Tripped up by Rstrip

2021-05-14Comments

Here’s a simple function which is supposed to strip any ".jpg" extension from a file name.

def photo_name(photo_file):
    "Return the name of the photo"
    return photo_file.rstrip('.jpg')

assert photo_name('cat.jpg') == 'cat'
assert photo_name('selfie.jpg') == 'selfie'
assert photo_name('emoji.gif') == 'emoji.gif' # A GIF is not a photo

As shown, it passes a few simple tests.

Unfortunately it turns out to be broken.

>>> photo_name('dog.jpg')
'do'
>>> photo_name('tile.png')
'tile.pn'

There’s no mystery here. A check of the documentation shows that the optional chars parameter to str.rstrip specifies a set of trailing characters to be removed from the source string.

So, in the example above, '.jpg' means: strip trailing characters in the set {'.', 'j', 'p', 'g'}. In the case of 'dog.jpg' that includes the final 'g' of 'dog'. Similarly the final 'g' of 'tile.png' gets stripped.

That said, it’s a common misunderstanding, and one which has been made for the eighteen years since the optional chars argument got added to rstrip.

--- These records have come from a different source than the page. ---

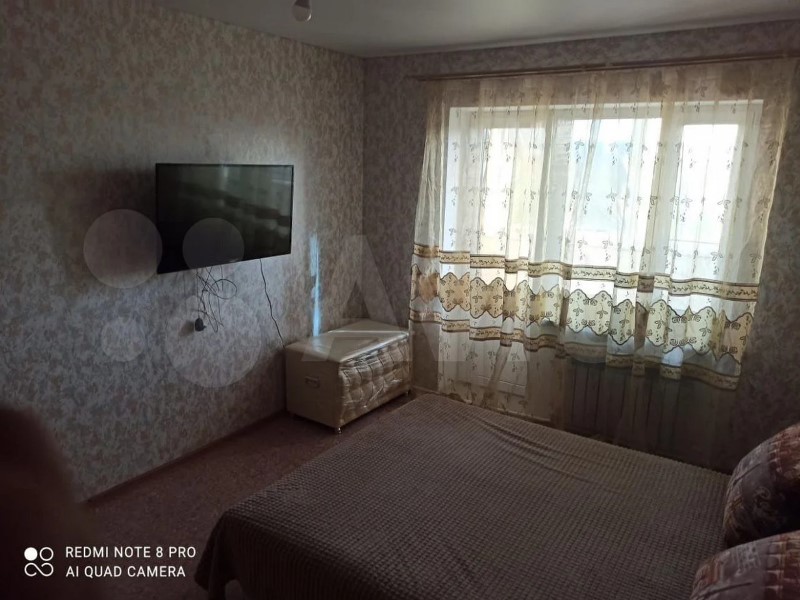 1-комнатная квартира Городок Рудника 20 в Соль-Илецке - фото 2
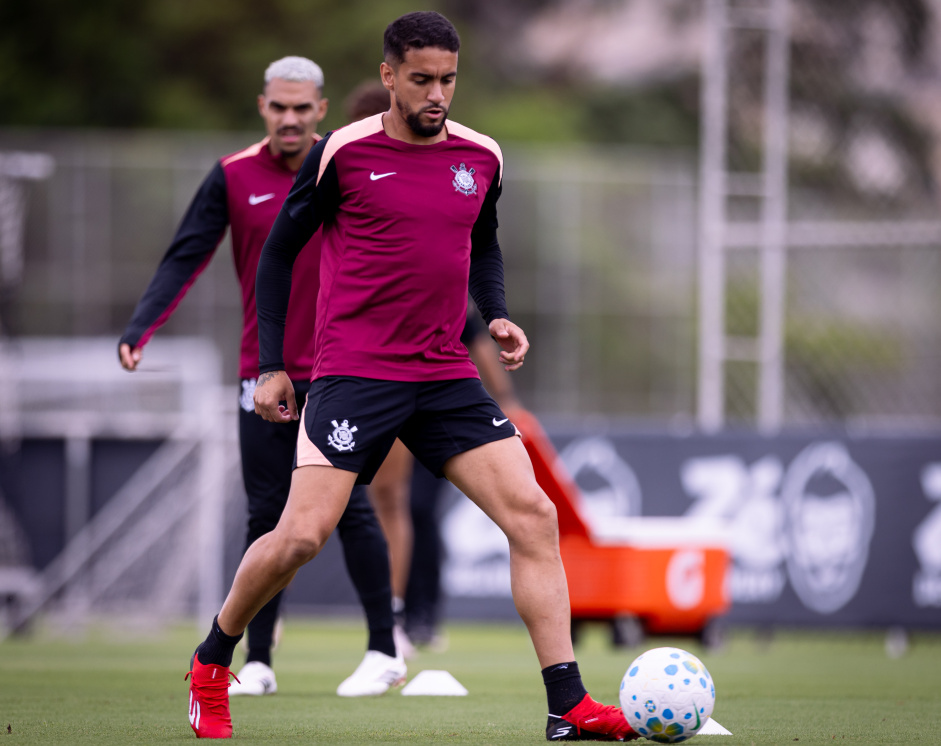 Corinthians Retorna com Novidades Após Adeus Prematuro no Paulistão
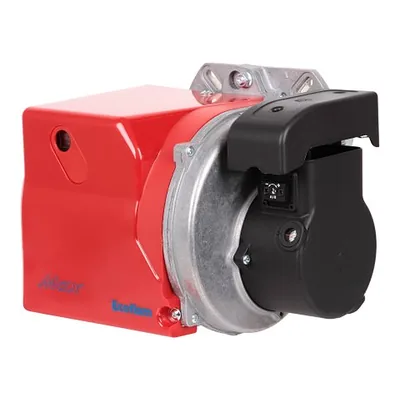 Ecoflam MAX 8 TW TC — quemador de gasóleo, foto 3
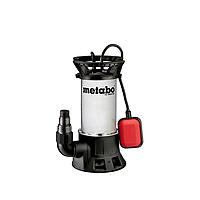 METABO PS 18000 SN Dirty water submerbible pump (19000 l/h / 5019 gal/h)
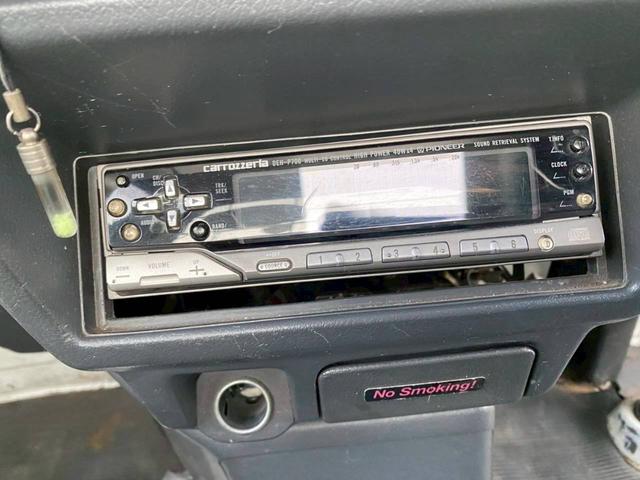 アクティトラック タウン（3枚目）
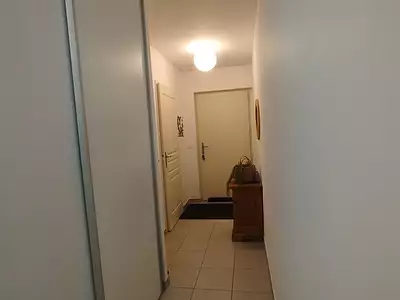 Appartement, 64 m²
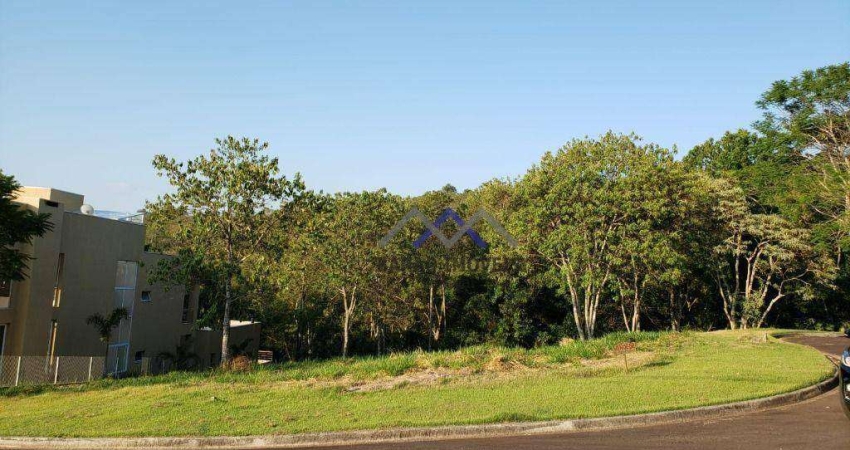 ÓTIMO TERRENO COM 1553,59 M²  NO CONDOMÍNIO BOTHANICA  JARINU  - PREÇO DE OPORTUNIDADE
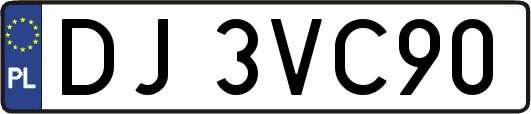 DJ3VC90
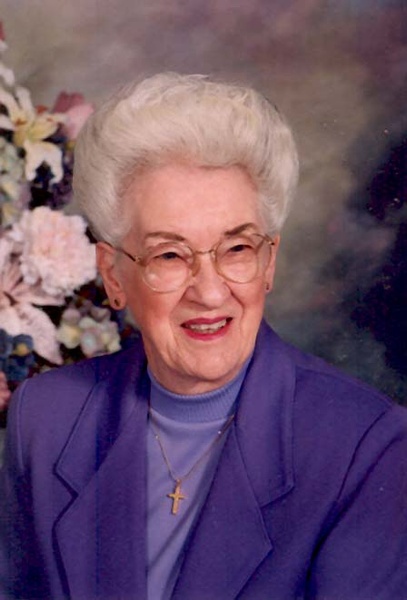 Viola Carlson Profile Photo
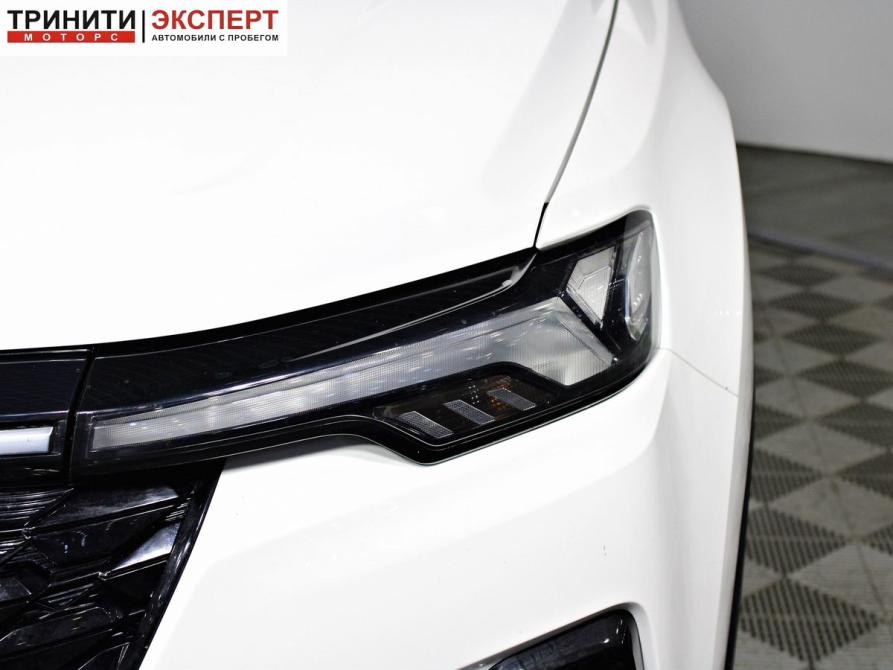 Changan CS35 Plus I Рестайлинг Белгород  - изображение 10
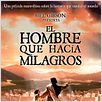 El hombre que hacía milagros : cartel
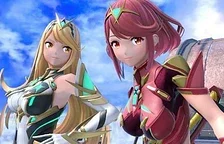 Oznámeny nové bojovnice do Super Smash Bros. Ultimate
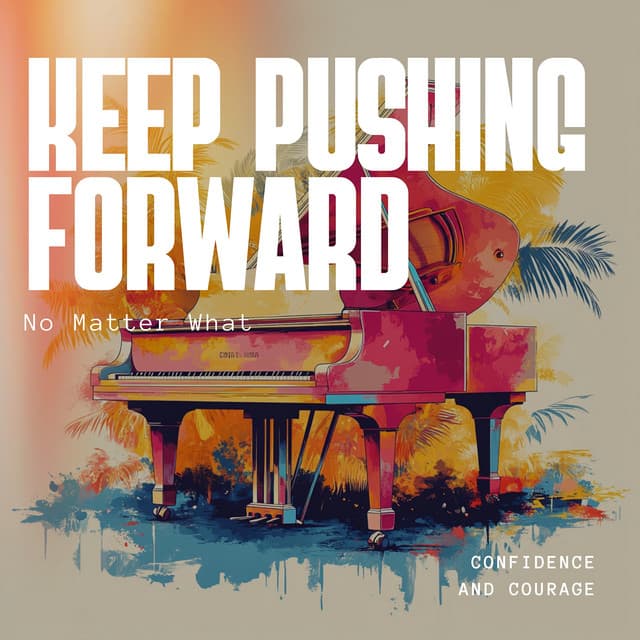 Confidence and Courage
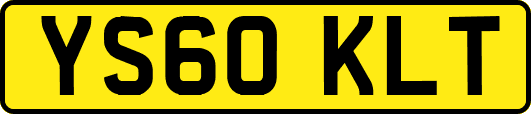 YS60KLT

At Python 3.9 the documentation takes care to explain:

The chars argument is a string specifying the set of characters to be removed. If omitted or None, the chars argument defaults to removing whitespace. The chars argument is not a suffix; rather, all combinations of its values are stripped.

and points out that the new removesuffix method might be what you’re really after.

Out of interest I tracked the documentation back to Python 2.3, when the function description was less clear.

If given and not None, chars must be a string; the characters in the string will be stripped from the end of the string this method is called on. Changed in version 2.2.2: Support for the chars argument.

Luckily misuse of rstrip to remove extensions will usually get spotted soon enough, even if — as shown — it evades can cursory inspection and testing.

It’s worth reviewing why the confusion persists.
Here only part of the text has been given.